#' Google Trends Query
#'
#' The \code{gtrends} default method performs a Google Trends query for the
#' \sQuote{query} argument and session \sQuote{session}. Optional arguments for
#' geolocation and category can also be supplied.
#'
#' @param keyword A character vector with the actual Google Trends query
#' keywords. Multiple keywords are possible using \code{gtrends(c("NHL",
#' "NBA", "MLB", "MLS"))}.
#'
#' @param geo A character vector denoting geographic regions for the query,
#' default to \dQuote{all} for global queries. Multiple regions are possible
#' using \code{gtrends("NHL", c("CA", "US"))}.
#'
#' @param time A string specifying the time span of the query. Possible values
#' are:
#'
#' \describe{ \item{"now 1-H"}{Last hour} \item{"now 4-H"}{Last four hours}
#' \item{"now 1-d"}{Last day} \item{"now 7-d"}{Last seven days} \item{"today
#' 1-m"}{Past 30 days} \item{"today 3-m"}{Past 90 days} \item{"today
#' 12-m"}{Past 12 months} \item{"today+5-y"}{Last five years (default)}
#' \item{"all"}{Since the beginning of Google Trends (2004)} \item{"Y-m-d
#' Y-m-d"}{Time span between two dates (ex.: "2010-01-01 2010-04-03")} }
#'
#' @param category A character denoting the category, defaults to \dQuote{0}.
#'
#' @param gprop A character string defining the Google product for which the
#' trend query if preformed.
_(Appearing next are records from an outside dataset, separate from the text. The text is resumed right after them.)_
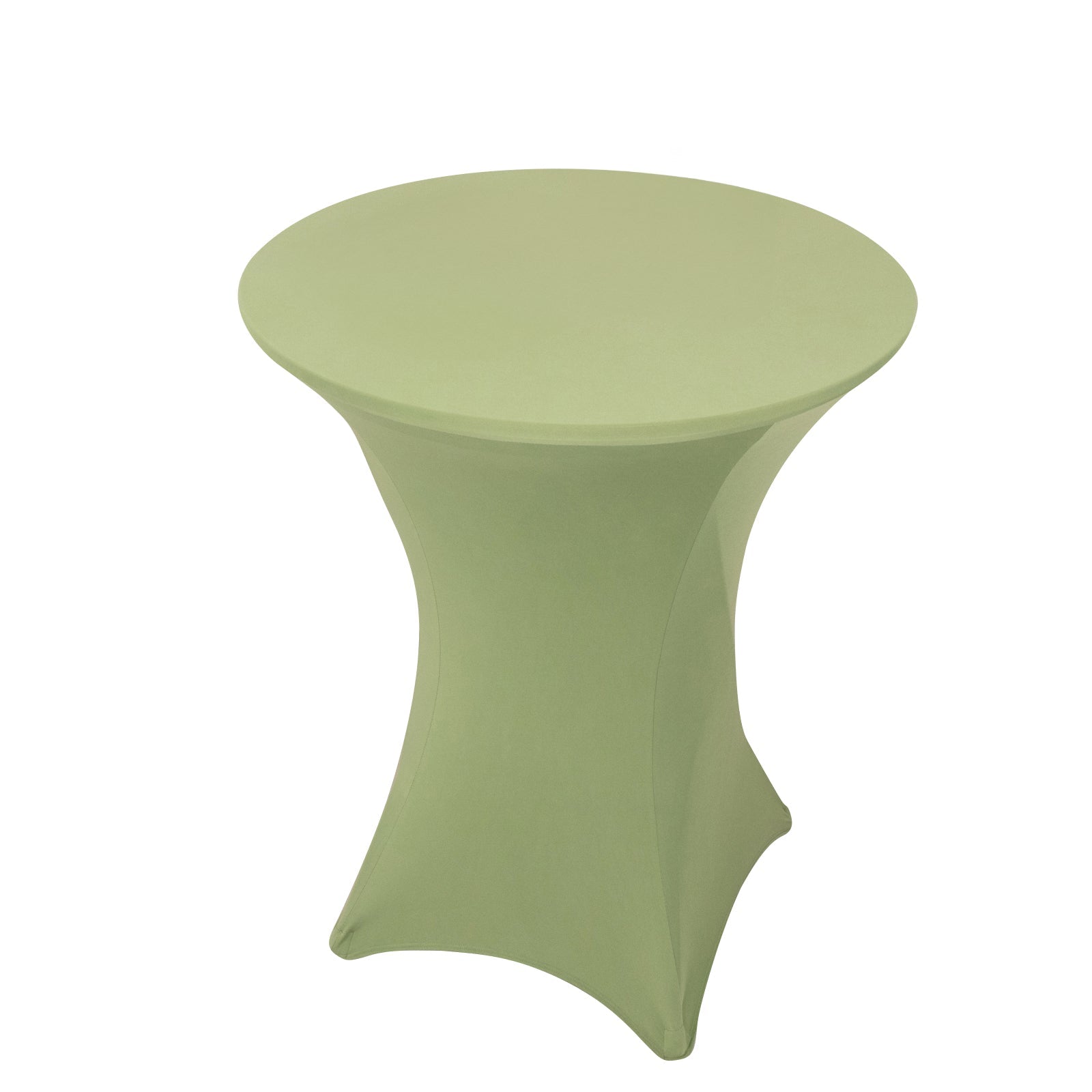 Sage Green Stretch Spandex Fitted Cocktail Table Cover for 33 - 36 Round Tables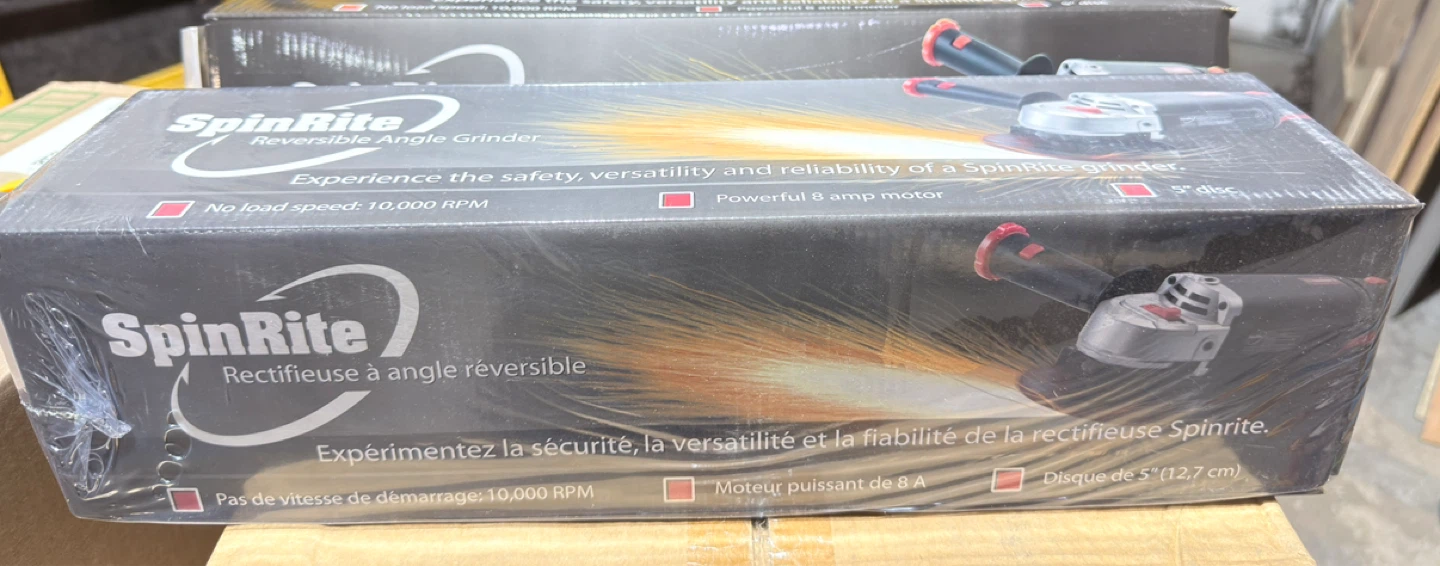 SpinRite Reversible 5” Angle Grinder – Brand New (Sealed) - photo 2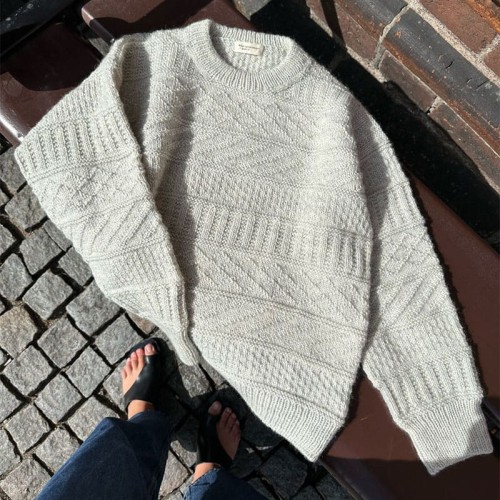Wzór PetiteKnit / Storm Sweater - w języku angielskim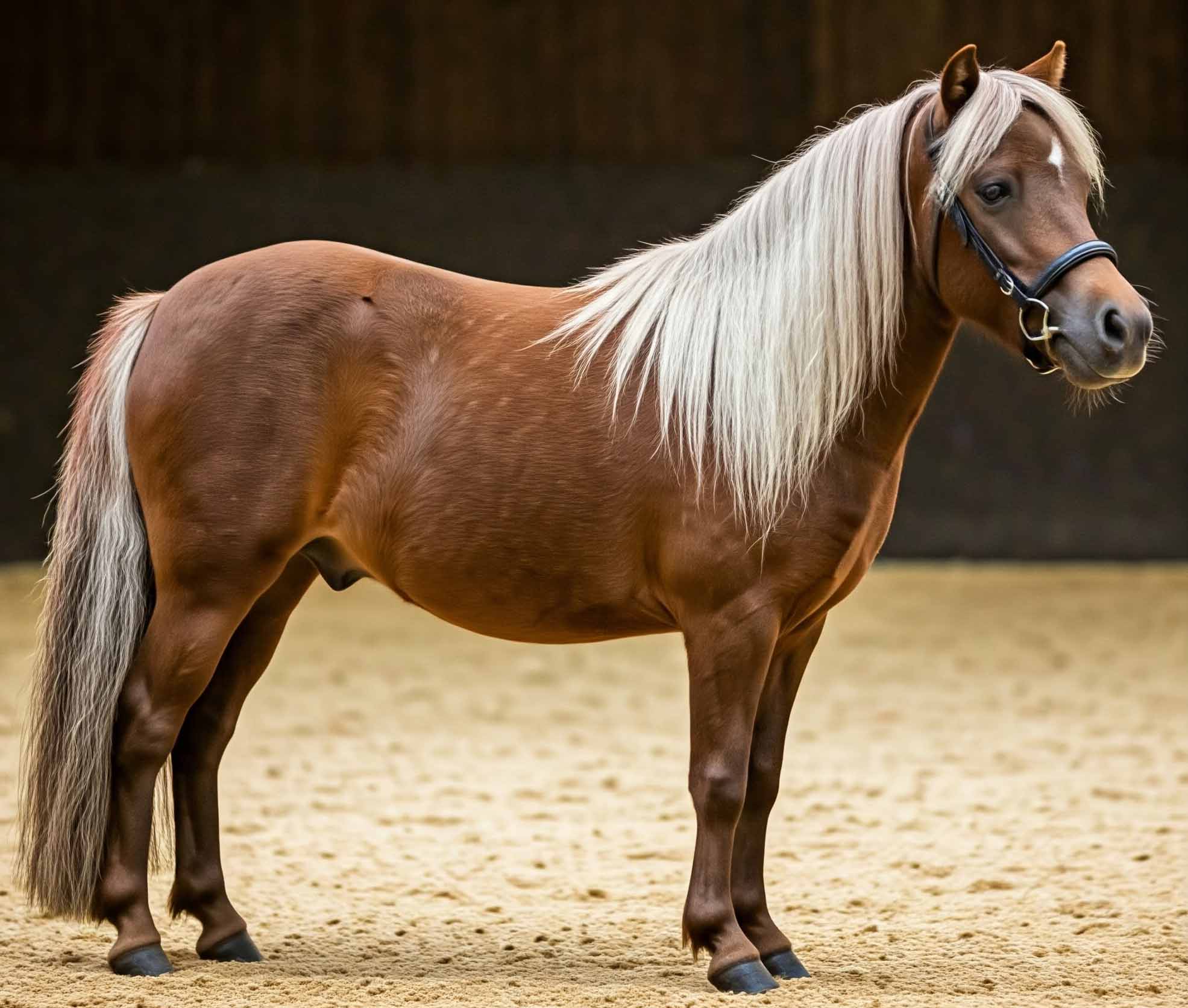 Showing silver horses and ponies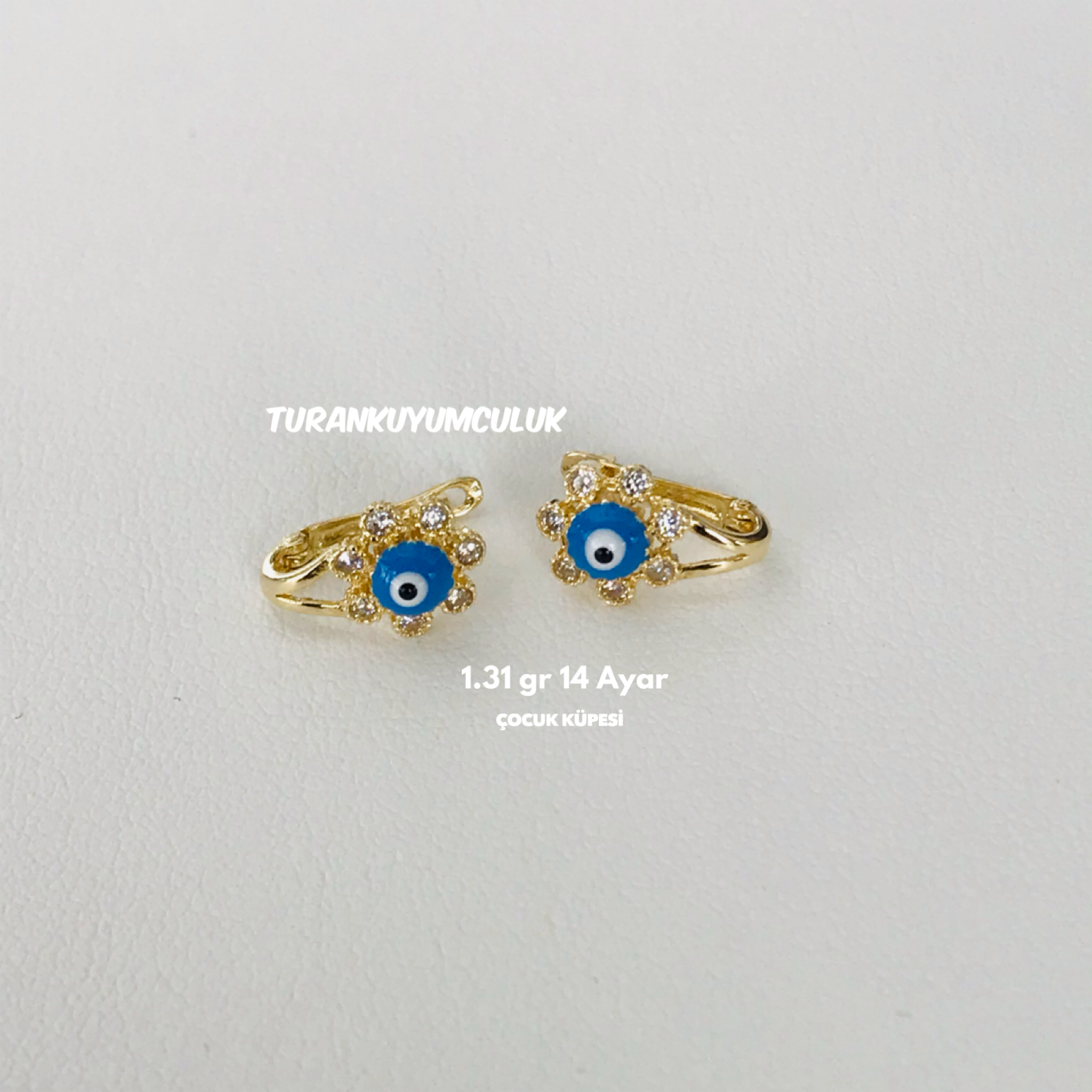 14 Ayar Küpe1,31 Gr - 14 Ayar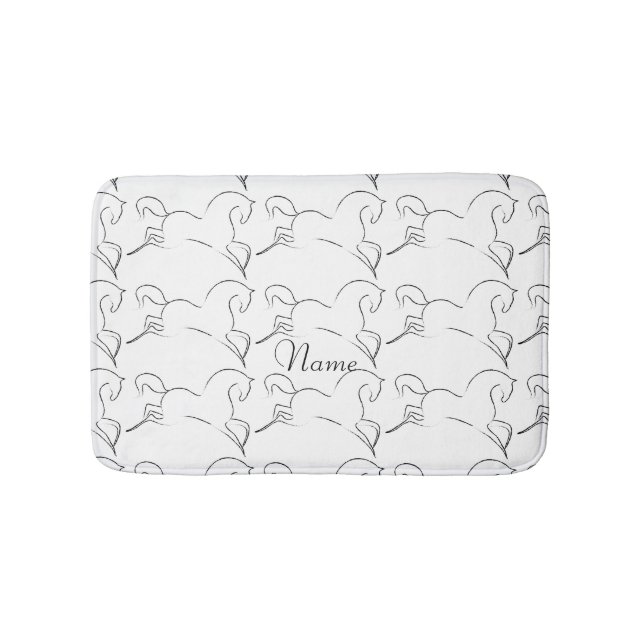 Tapis De Bain Cheval sauvage Thunder_Cove (Devant)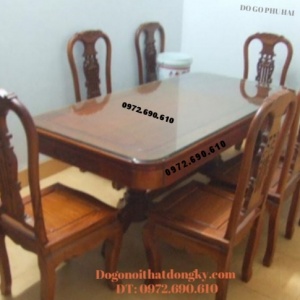 Bàn ghế phòng ăn bàn chữ nhật dogodongky.net.vn BA68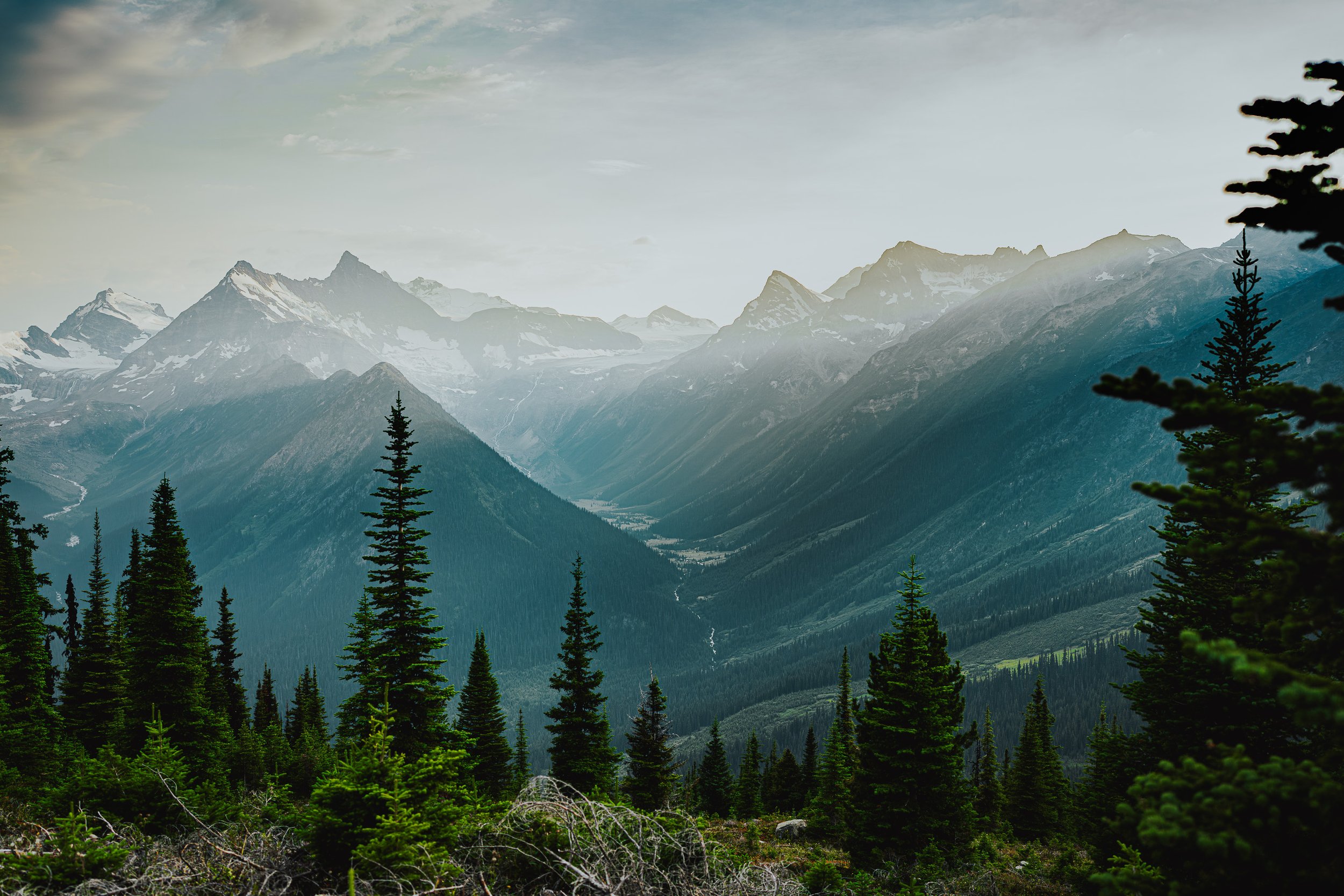 Valley view from the ridge above Valemount, BC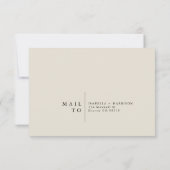 MONA minimalistische groene Waterverf met naar sch Kaart (Achterkant)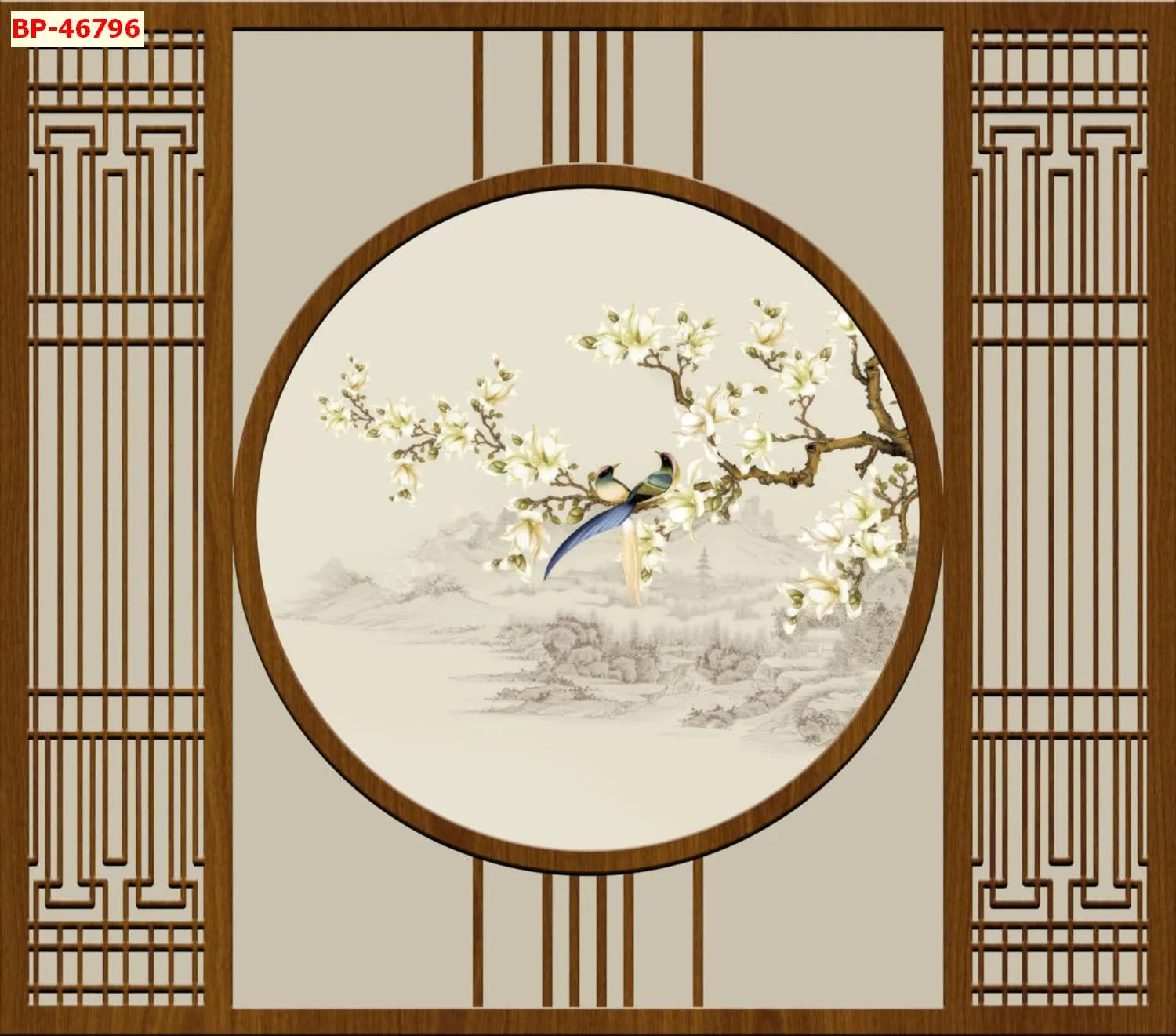 Mẫu tranh lam sóng 2026 đẹp phần 1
Valid options are:
#'
#' \itemize{ \item "web" (default) \item "news" \item "images" \item "froogle"
#' \item "youtube" }
#'
#' @param hl A string specifying the ISO language code (ex.: \dQuote{en-US} or
#' \dQuote{fr}). Default is \dQuote{en-US}. Note that this is only influencing
#' the data returned by related topics.
#'
#' @param tz A number specifying the minutes the returned dates should be offset
#' to UTC. Note the parameter 'time' above is specified in UTC. E.g. choosing
#' "time=2018-01-01T01 2018-01-01T03" and "tz=-120" will yield data between
#' 2018-01-01T03 and 2018-01-01T05, i.e. data specified to be in UTC+2.
#'
#' @param compared_breakdown Logical. Should compare breakdown the results by
#' city and subregion? Can only be used if one `geo` is used conjointly with
#' more than one keyword. If `TRUE`, then the relative hits across the
#' keywords will be returned. `FALSE` by default.
#'
#' @param low_search_volume Logical. Should include low search volume regions?
#'
#' @param cookie_url A string specifying the URL from which to obtain cookies.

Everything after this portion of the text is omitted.